BERNARD KOUCHNER a fait ce constat d’une autre manière en regrettant d’avoir demandé, dans un entretien avec « Le Parisien », la création d’un secrétariat d’Etat des Droits de l’homme. Aussitôt, Rama Yade, titulaire du poste, s’est sentie blessée et a rappelé ce qu’elle avait accompli en 18 mois dans le cadre de ses fonctions. Et Jean-François Copé, chef de l’UMP à l’Assemblée, a soutenu Rama Yade. M. Kouchner s’est empressé de préciser qu’il ne critiquait pas sa secrétaire d’État, mais le principe même d’un minsitère dédié aux Droits de l’homme. Toujours est-il que personne n’aurait cru que le fondateur de Médecins sans frontières et inventeur du droit d’ingérence (mieux, du devoir d’ingérence) en arrive, au terme d’une riche carrière consacrée aux damnés de la terre, à exprimer aussi vigoureusement son désenchantement.
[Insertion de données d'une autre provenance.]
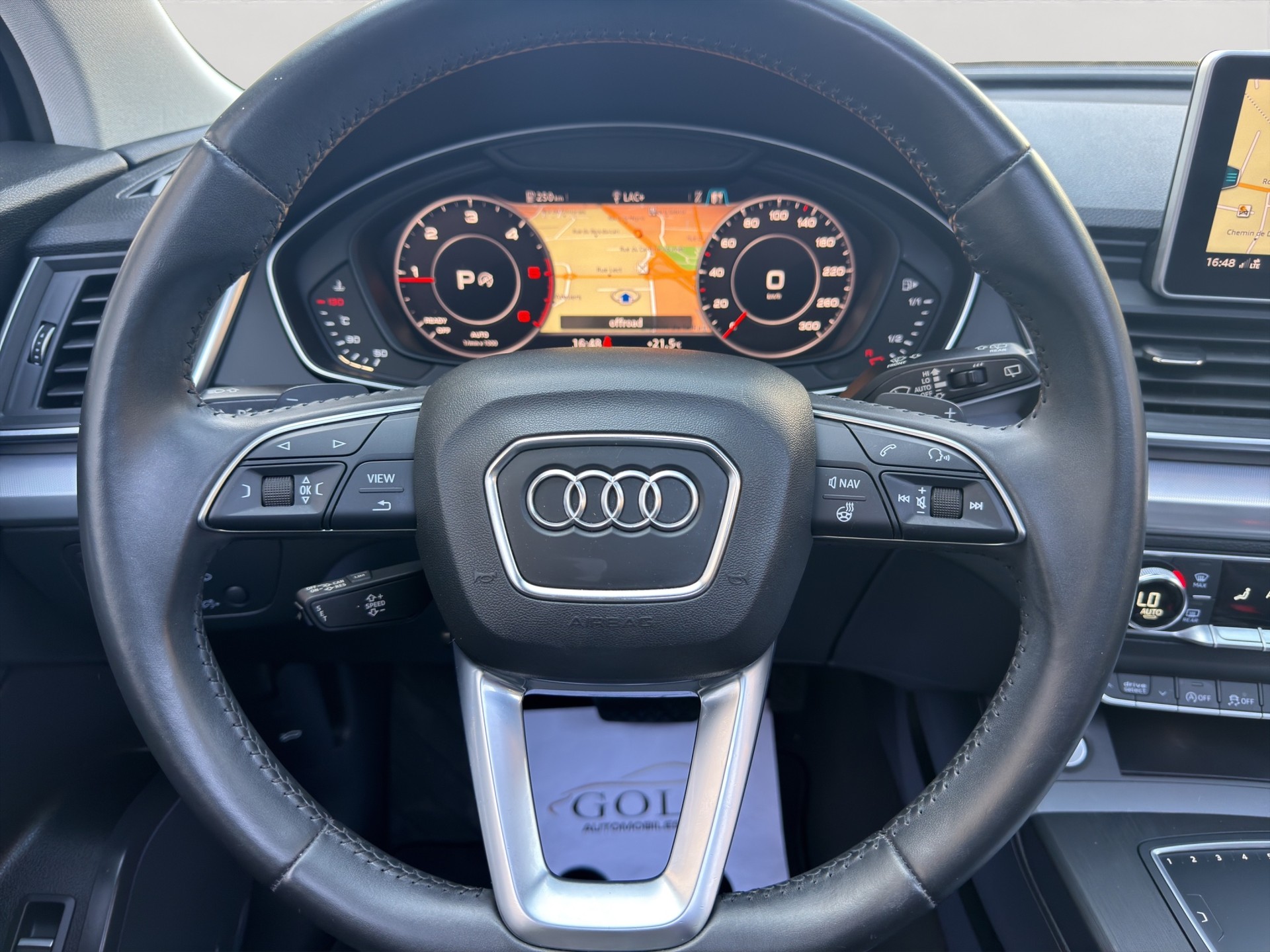 AUDI Q5 40 TDI Sport S-Line Quattro S-tronic-image-5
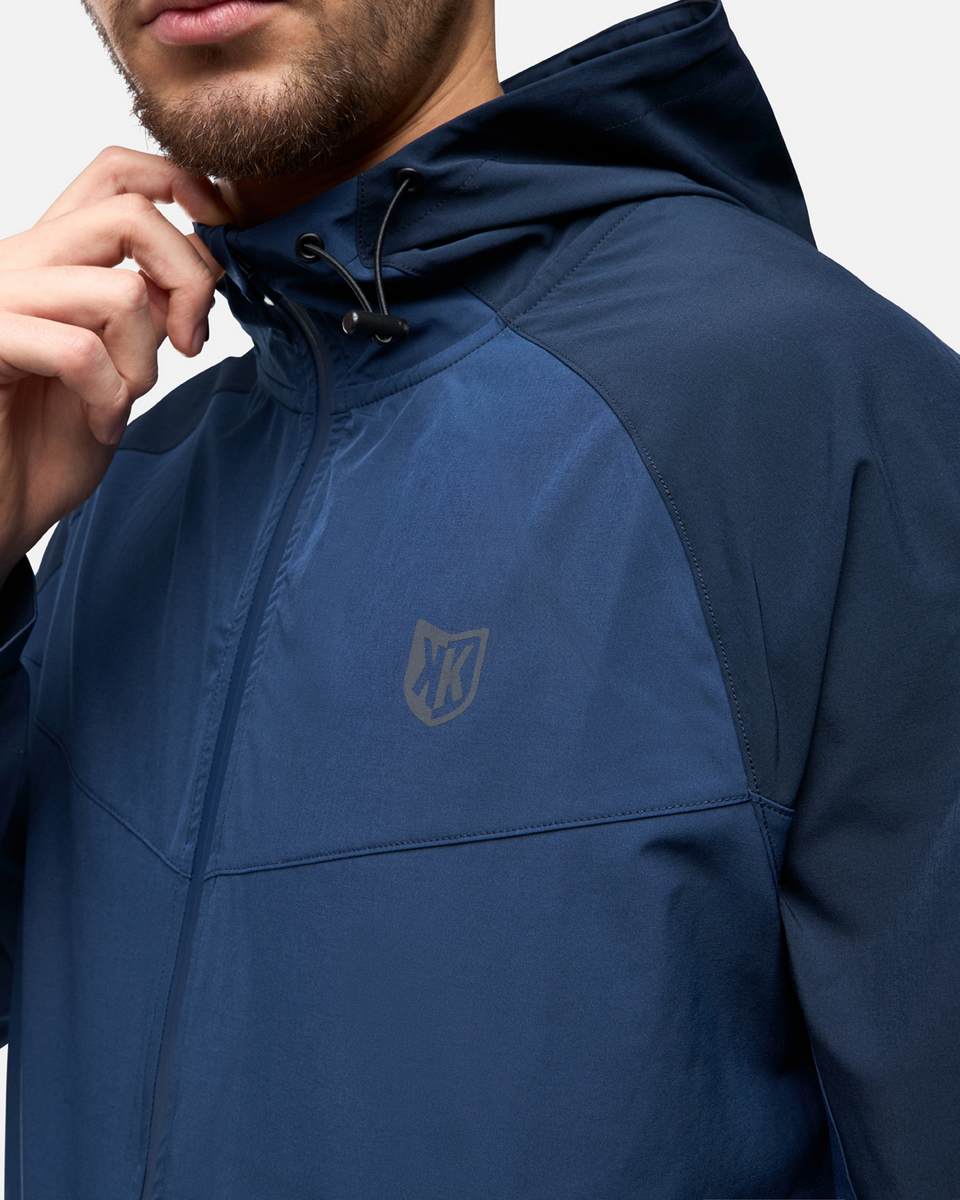 Veste FK Runner - Marine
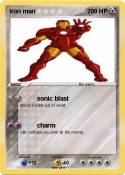 iron man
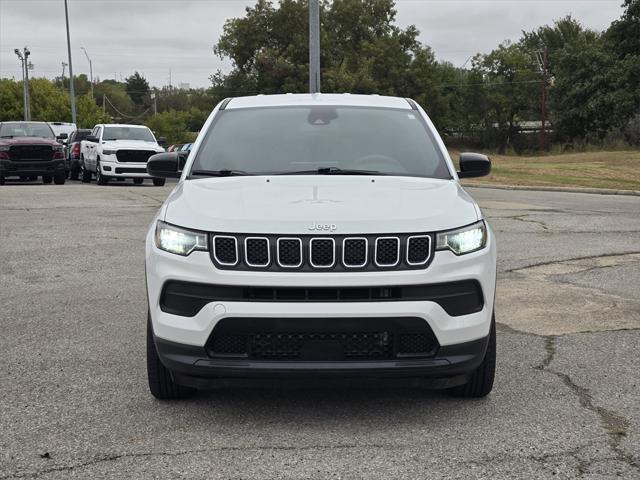 2024 Jeep Compass Sport 4x4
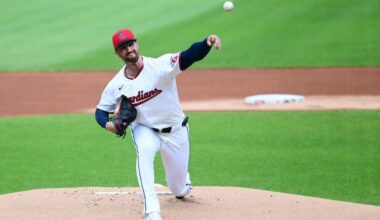 Giants vs. Guardians MLB picks: Hoping for the good Foster Griffin on Tuesday
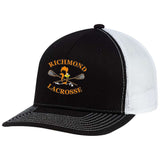 Richmond Lacrosse Player Hat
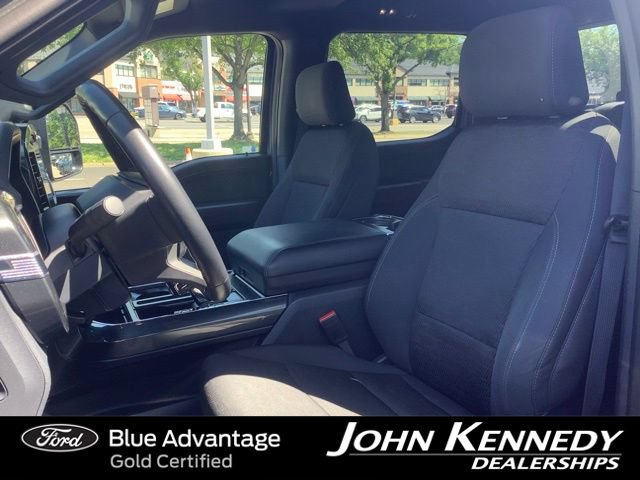 Certified 2022 Ford F150 XLT w/ Equipment Group 302A High AWD/4WD image 11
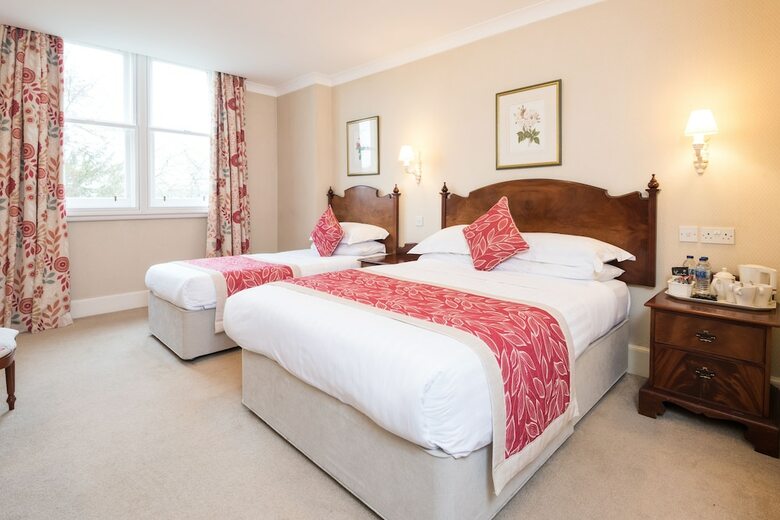 Sunbank House Hotel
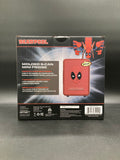 Deadpool Molded 6-Can Mini Fridge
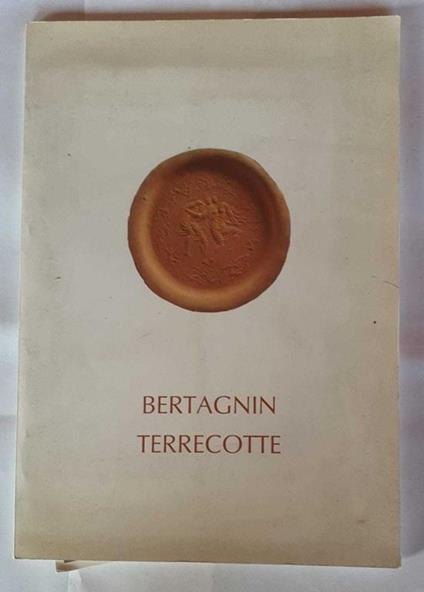 Bertagnin terrecotte - copertina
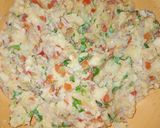 A picture of step 8 of Red Potato Cutlets.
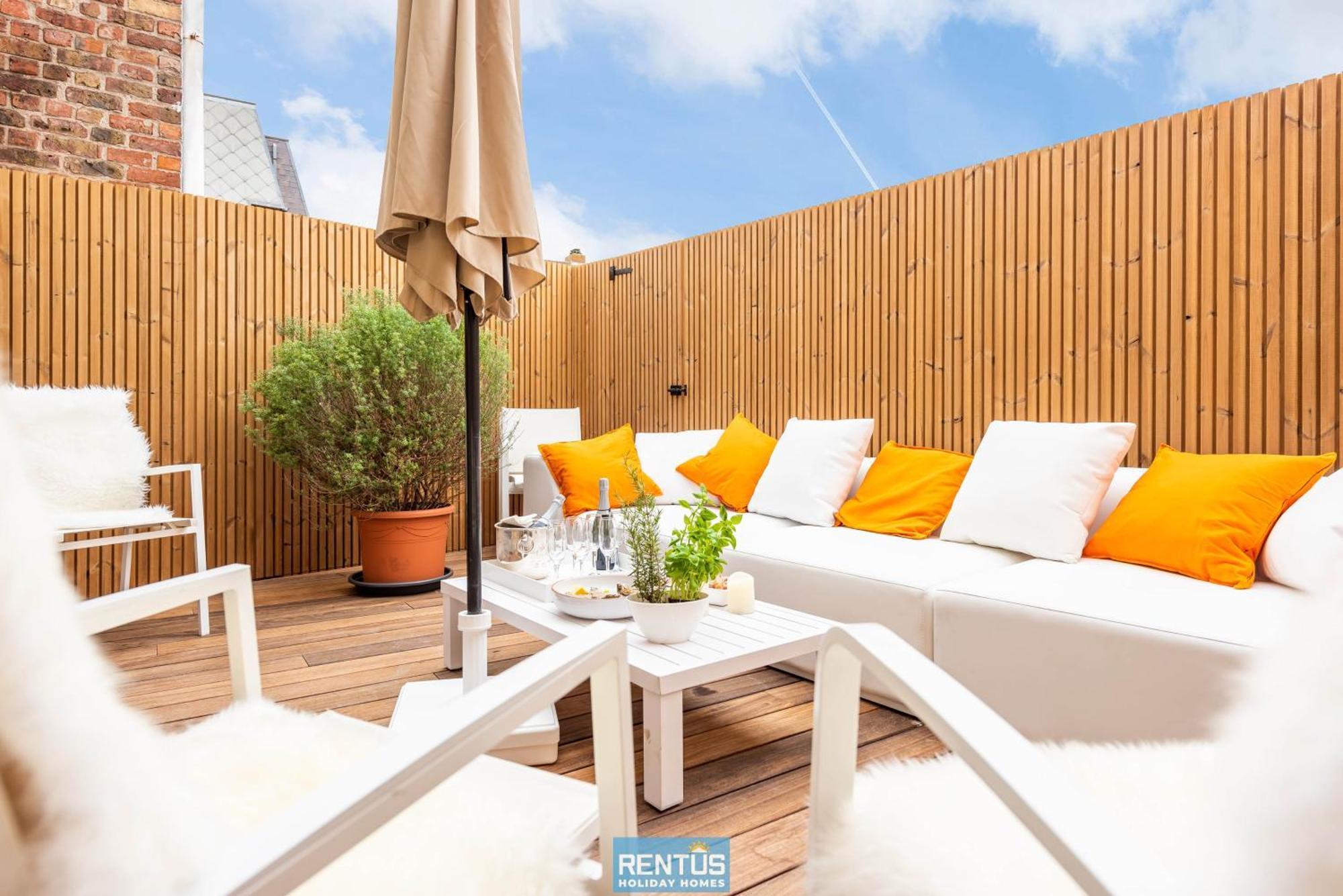 Villa Harbour - Apartment For 9 People In Nieuwpoort Zewnętrze zdjęcie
L’exemple de Robert Badinter.

Si on est réaliste, on approuvera M. Kouchner ; si on reste idéaliste, on le critiquera. Robert Badinter, ancien président du Conseil constitutionnel, ne renonce pas. Il n’a aucune illusion sur le respect des Droits de l’homme dans le monde mais il continue à les défendre farouchement. Si on cède aux nécessités de la realpolitik, on est au moins sûr d’une chose, c’est que les Droits de l’homme continueront à être violés. Il n’est pas inutile de s’accrocher à cet idéal pour empêcher le bulldozer du totalitarisme d’écraser les gens qui se dressent contre lui, pour garder un espoir en quelque sorte. D’autant que la tâche n’est jamais terminée, y compris dans nos démocraties parlementaires.

En France, nous nous gargarisons avec la certitude d’appartenir à la « patrie des Droits de l’homme », mais nous ne sommes pas en tous points exemplaires. Nous avons tout à craindre des nécessités conjoncturelles qui nous contraignent à sacrifier ces droits. Depuis l’époque où le président Valéry Giscard d’Estaing affirmait que la peine du condamné, c’est la détention et la détention uniquement, dans quel état nos prisons sont-elles aujourd’hui ? Comment accepter que des détenus soient entassés dans des cellules trop petites, qu’ils soient souvent privés de l’hygiène la plus élémentaire et qu’ils se suicident assez souvent pour qu’on ait le sentiment que la société, d’une certaine manière, les a condamnés à mort ? Que signifie ce projet de réforme de la justice qui enfermerait des mineurs de 12 ans, comme si nous devions voler leur enfance aux enfants ? De quel droit un citoyen français bénéficie-t-il s’il est chômeur, s’il est SDF, si la société est incapable de lui procurer les moyens de sa dignité ? La presse est-elle libre en France quand les journalistes sont contraints de révéler leurs sources et quand on perquisitionne les rédactions ? Un journaliste qui n’aurait pas répondu à la convocation d’un juge doit-il, en France et en 2008, être menotté et fouillé ? Et quand les tenants d’une religion lancent l’anathème contre des caricaturistes, ceux-ci jouissent-ils de la liberté d’expression ?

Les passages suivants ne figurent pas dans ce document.